*** Opening RECORD SET ***

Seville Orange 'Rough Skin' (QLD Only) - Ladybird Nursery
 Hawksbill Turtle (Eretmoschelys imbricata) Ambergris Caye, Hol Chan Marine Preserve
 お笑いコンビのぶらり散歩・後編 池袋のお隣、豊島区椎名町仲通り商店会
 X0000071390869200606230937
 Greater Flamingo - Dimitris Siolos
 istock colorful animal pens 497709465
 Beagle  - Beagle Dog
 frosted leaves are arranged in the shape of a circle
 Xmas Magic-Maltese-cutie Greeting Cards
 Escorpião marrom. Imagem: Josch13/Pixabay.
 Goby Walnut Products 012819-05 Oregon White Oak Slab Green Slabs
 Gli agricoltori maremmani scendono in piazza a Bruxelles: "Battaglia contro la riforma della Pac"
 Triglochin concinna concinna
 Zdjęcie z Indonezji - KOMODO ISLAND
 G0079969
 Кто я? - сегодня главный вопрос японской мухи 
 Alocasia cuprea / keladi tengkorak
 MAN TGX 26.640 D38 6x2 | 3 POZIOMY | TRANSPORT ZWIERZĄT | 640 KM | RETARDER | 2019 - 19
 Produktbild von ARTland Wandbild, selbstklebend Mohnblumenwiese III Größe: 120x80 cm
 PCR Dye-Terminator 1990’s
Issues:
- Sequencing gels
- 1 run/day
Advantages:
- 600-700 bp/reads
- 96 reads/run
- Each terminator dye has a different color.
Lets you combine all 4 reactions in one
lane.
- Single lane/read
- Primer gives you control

*** Closing RECORD SET ***

## TASK INSTRUCTIONS
Write out, word for word, the lines from the one containing "- Each terminator dye has a different color." through the end of the records, with no other lines.

## SOLVED PROBLEM
- Each terminator dye has a different color.
Lets you combine all 4 reactions in one
lane.
- Single lane/read
- Primer gives you control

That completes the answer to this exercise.